EXERCISE INPUT –
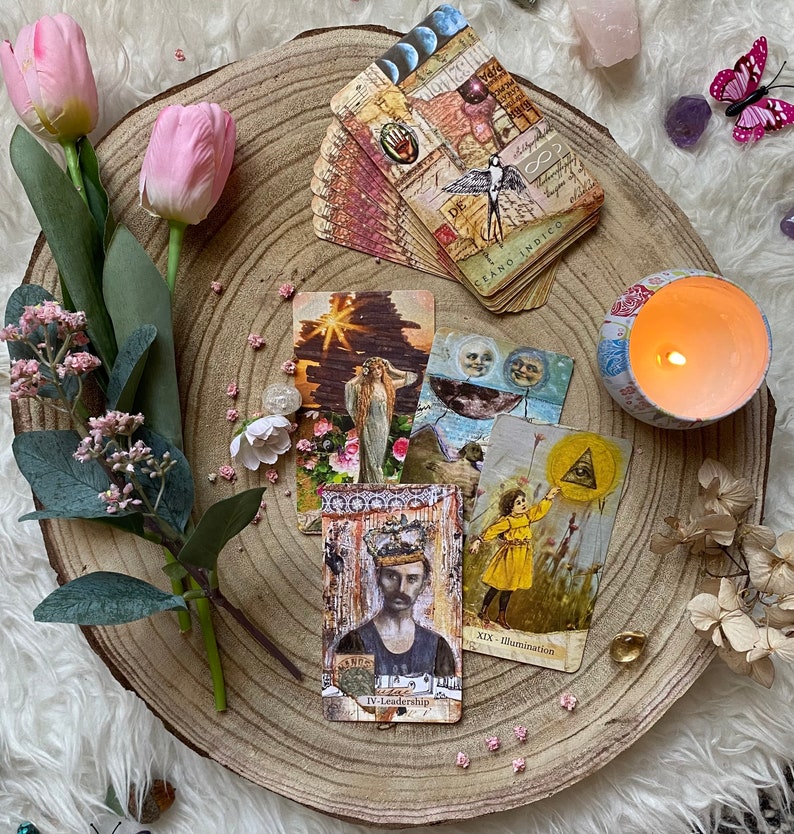 May include: A collection of tarot cards with vintage-style illustrations, including a card with the text "IV - Leadership". The cards are arranged on a wooden slice with flowers, crystals, and a lit candle, creating a mystical aesthetic.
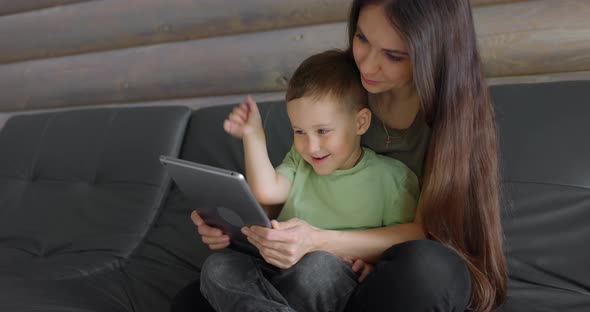 Young Smiling Mother and Her Sweet Son Playing in a Child Development App on a Digital Pill in a alt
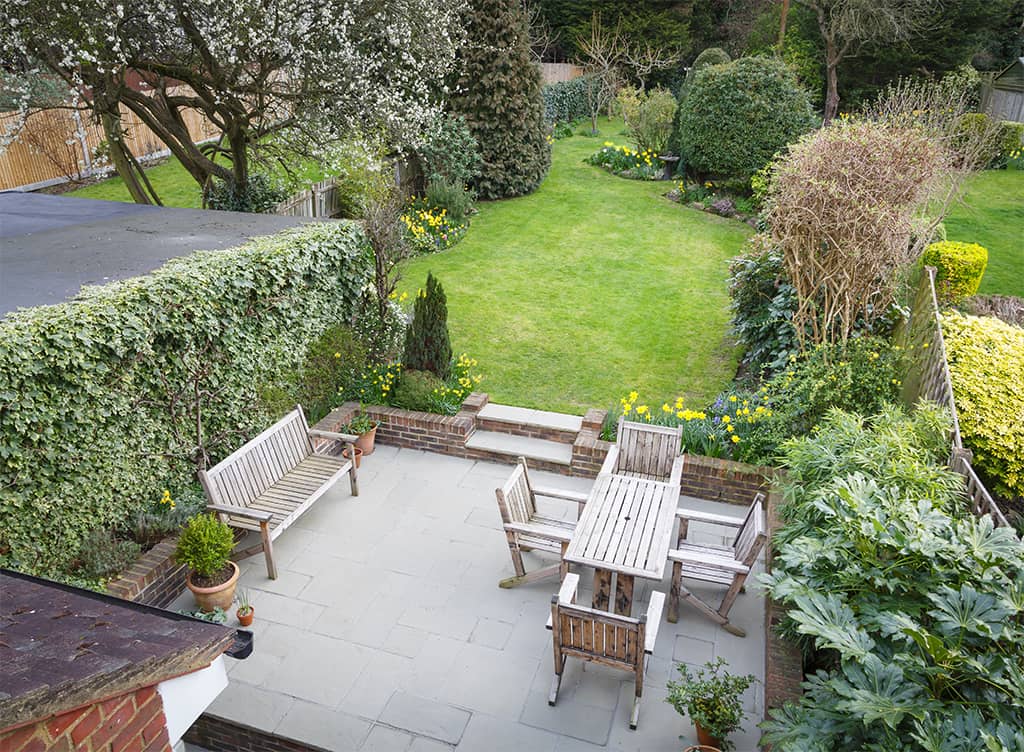 A raised concrete patio with wooden garden furniture
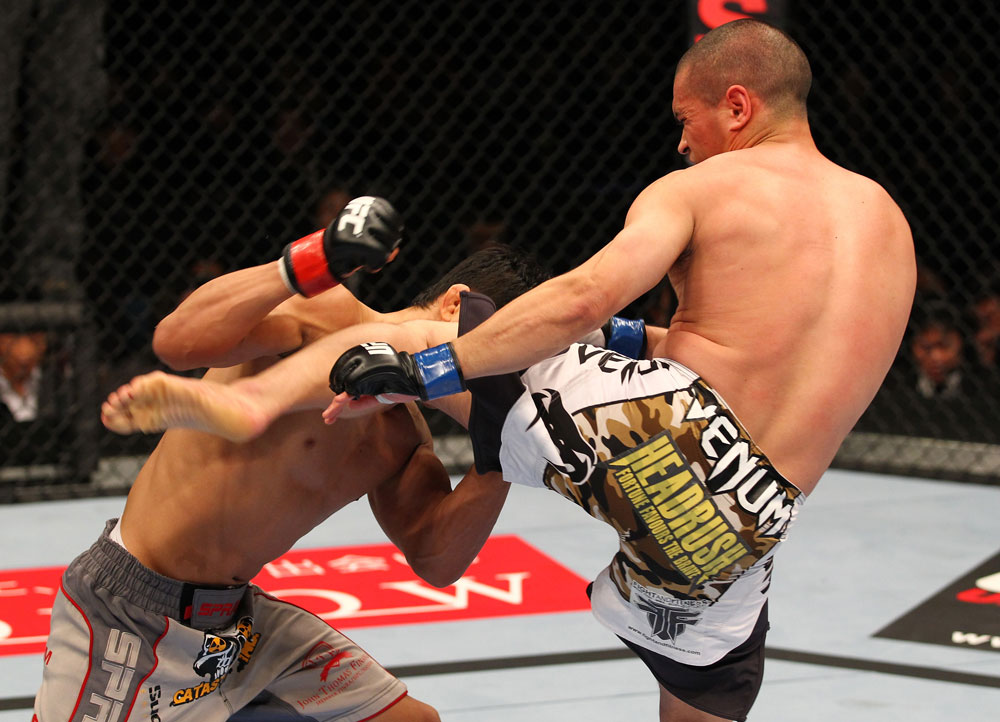 SAITAMA, JAPAN - FEBRUARY 26:  (R-L) Chris Cariaso kicks Takeya Mizugaki during the UFC 144 event at Saitama Super Arena on February 26, 2012 in Saitama, Japan.  (Photo by Al Bello/Zuffa LLC/Zuffa LLC via Getty Images) *** Local Caption *** Takeya Mizugaki; Chris Cariaso
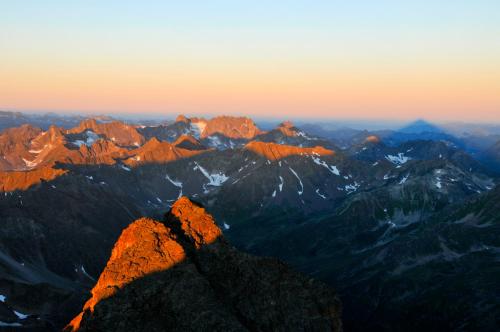 a view from the top of a mountain at sunset at Haus Fischer in Pettneu am Arlberg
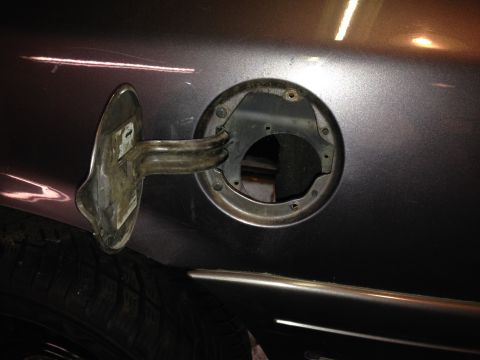 2004 Ford Crown Victoria - The fuel filler door is open, revealing the mechanism underneath.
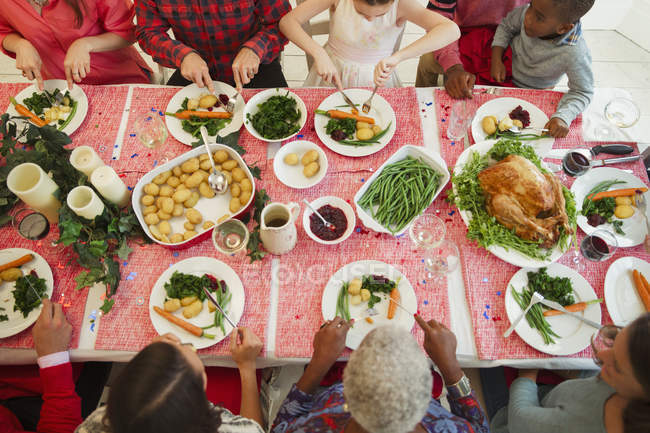 Overhead view family eating Christmas dinner — Stock Photo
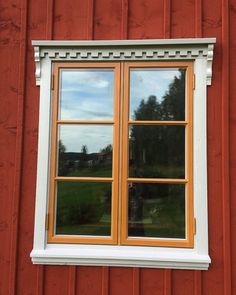 a red building with two windows and a white trim around the window sill is shown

PROBLEM DESCRIPTION –
Where the line holding "a view from" appears, start copying, and continue exactly through the last line of the listing, both ends included, skipping the pictures.

TASK RESULT –
 a view from the top of a mountain at sunset at Haus Fischer in Pettneu am Arlberg
 2004 Ford Crown Victoria - The fuel filler door is open, revealing the mechanism underneath.
 Overhead view family eating Christmas dinner — Stock Photo
 a red building with two windows and a white trim around the window sill is shown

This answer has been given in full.